Instead, notice the howling awfulness of the lede graf quoted above.

It falls into a known category of bad journalistic writing.  At the BBC current affairs program Panorama it used to be called “The Not Quite 500 Miles Transition.”  As in:

Not quite five hundred miles from where Mr. Bloggs was mincing the postman with his lawn shears, Mrs.Dinsdale was eating a jelly sandwich.

Memo to aspiring ink-stained wretches:  coincidence in time between two otherwise utterly unrelated events doth not an edgy, grabbing intro make.

It’s just lazy writing.

Don’t do it.

Image:  Norman Rockwell’s first magazine cover, 1913.

David Brooks and the Anatomy of Fail: Part One — Norwegian Olympic follies/All Hail Our Nordic Overlords edition.

March 2, 2010

As readers of this blog know at too great length, Megan McArdle gives me the pip, and her willed and complacent foolishness evoke tsunamis of verbiage from me until the moment passes.

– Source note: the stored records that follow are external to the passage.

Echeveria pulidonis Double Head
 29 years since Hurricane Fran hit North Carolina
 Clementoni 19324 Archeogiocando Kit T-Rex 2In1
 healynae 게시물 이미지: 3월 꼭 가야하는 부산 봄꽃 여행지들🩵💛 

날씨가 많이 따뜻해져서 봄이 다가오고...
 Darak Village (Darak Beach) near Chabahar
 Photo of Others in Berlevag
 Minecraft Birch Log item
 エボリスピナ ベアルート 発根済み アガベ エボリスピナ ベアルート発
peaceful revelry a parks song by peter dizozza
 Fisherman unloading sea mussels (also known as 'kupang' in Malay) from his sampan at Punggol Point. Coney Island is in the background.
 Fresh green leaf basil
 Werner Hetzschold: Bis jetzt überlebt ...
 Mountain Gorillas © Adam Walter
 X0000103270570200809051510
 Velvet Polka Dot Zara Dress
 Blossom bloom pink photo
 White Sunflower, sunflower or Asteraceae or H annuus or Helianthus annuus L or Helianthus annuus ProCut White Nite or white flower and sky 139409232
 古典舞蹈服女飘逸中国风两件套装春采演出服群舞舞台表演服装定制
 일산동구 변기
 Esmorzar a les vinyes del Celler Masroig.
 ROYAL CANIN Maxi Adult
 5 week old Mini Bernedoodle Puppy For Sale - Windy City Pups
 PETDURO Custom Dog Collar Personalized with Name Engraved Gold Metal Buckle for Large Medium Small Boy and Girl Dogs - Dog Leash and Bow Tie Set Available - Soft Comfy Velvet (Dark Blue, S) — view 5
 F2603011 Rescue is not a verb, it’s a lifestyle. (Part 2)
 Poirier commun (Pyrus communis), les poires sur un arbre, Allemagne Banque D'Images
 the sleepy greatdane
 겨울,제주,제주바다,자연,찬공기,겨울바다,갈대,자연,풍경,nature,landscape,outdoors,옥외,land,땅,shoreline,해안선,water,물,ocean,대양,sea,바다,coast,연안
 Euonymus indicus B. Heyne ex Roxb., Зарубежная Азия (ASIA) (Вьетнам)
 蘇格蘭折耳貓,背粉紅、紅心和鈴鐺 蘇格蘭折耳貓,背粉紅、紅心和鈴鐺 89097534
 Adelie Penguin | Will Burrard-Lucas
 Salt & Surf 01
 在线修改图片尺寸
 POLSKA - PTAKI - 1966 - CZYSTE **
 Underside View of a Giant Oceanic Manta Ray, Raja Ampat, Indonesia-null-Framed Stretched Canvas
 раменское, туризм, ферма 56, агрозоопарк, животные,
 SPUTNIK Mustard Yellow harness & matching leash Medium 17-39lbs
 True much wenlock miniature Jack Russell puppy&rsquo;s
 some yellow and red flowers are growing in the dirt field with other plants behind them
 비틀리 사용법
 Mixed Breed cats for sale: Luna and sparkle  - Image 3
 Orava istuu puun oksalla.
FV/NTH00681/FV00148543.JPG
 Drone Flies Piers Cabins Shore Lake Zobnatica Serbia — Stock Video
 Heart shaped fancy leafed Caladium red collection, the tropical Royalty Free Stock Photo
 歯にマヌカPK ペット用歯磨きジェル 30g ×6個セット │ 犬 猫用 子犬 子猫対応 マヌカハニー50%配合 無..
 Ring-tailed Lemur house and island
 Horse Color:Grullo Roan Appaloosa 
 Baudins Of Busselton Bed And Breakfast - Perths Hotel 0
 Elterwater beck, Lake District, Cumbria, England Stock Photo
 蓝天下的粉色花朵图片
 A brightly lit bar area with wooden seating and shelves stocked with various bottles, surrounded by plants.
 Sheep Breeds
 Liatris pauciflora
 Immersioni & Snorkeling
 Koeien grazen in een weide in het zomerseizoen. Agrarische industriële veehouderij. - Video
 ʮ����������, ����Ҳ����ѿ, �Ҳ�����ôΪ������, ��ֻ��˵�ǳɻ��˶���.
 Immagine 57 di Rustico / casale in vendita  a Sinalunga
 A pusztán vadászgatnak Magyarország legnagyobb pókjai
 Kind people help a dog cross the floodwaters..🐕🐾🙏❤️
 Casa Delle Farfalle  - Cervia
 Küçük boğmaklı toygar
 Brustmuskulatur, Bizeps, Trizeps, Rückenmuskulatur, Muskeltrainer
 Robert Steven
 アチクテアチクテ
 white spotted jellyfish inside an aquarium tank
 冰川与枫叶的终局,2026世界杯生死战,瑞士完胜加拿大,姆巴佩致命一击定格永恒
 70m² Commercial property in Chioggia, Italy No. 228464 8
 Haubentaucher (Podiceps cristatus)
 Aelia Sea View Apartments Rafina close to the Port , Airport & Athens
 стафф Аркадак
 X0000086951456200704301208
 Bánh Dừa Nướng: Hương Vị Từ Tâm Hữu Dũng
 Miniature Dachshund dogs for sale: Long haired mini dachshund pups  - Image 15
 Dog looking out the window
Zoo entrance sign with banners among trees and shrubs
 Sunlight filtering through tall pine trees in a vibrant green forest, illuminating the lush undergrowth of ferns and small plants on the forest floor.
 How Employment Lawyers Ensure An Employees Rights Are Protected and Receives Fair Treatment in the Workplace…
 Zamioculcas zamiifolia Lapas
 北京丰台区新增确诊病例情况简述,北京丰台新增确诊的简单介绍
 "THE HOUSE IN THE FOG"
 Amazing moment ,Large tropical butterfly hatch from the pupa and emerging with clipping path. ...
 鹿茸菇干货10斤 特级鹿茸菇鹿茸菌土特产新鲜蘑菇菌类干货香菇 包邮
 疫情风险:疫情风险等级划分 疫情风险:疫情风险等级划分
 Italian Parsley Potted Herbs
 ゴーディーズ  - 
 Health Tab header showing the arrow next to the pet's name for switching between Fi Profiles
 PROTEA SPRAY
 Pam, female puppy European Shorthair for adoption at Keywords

But, as a number of readers have pointed out and as I have come to realize, this is something akin to  bringing a buffalo gun to take out a prairie dog.  McArdle may be always wrong, and she may possess a fairly large megaphone, but she is so transparent in her errors, and she is simply not a good enough writer to do much more, IMHO, than preach to a pretty homogenous choir.  She does harm, I think, but her capacity to do much more damage than she already does, or to influence anyone who actually does things that matter in public policy, seems to me to be pretty minimal.

Not so more sophisticated, more literate and more canny purveyors of pop social science in defense of pre-ordained conclusions. David Brooks is the poster child — think post office walls, perhaps — for the gang of those who commit crimes against public discourse by stealth.  So while I’m sure I won’t be able to resist taking the odd whack at McArdle’s work in the future, I’m trying to discipline myself to concentrate on more consequential folly.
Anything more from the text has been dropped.